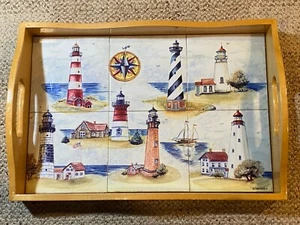 Wooden serving tray with 6 Ceramic Tiles of Painted Lighthouses w/handles Signed - Picture 1 of 13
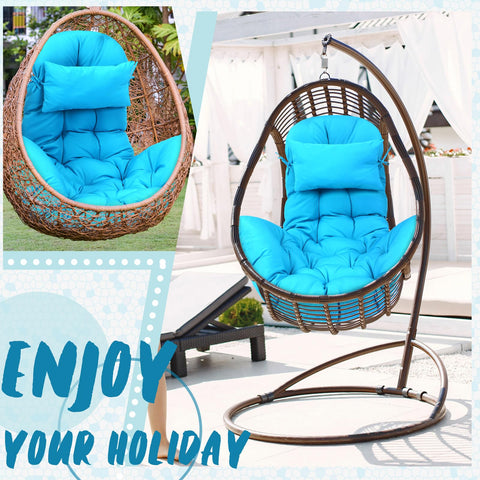 Tudomro secure-fit egg chair cushion shown on a hanging chair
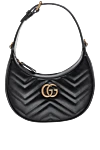 Gucci Black leather bag for women - Decoration: gold-plated logo. zipper. 100% genuine leather. Country of manufacture: Italy. Care: specialized cleaning - photo 1
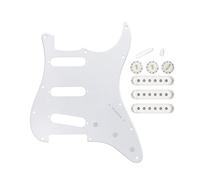 FLEOR SSS battipenna con 52 mm (3 pezzi) copri pickup /2T1V manopola di controllo/punte per ST sostituzione chitarra, bianco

· · ·

_WORK TASK_
Reproduce word for word only the lines between the line containing "Tudomro secure-fit egg" and the end of the listing above, both included, and drop any pictures.

_ANSWER SECTION_
 Tudomro secure-fit egg chair cushion shown on a hanging chair
 Gucci Black leather bag for women - Decoration: gold-plated logo. zipper. 100% genuine leather. Country of manufacture: Italy. Care: specialized cleaning - photo 1
 FLEOR SSS battipenna con 52 mm (3 pezzi) copri pickup /2T1V manopola di controllo/punte per ST sostituzione chitarra, bianco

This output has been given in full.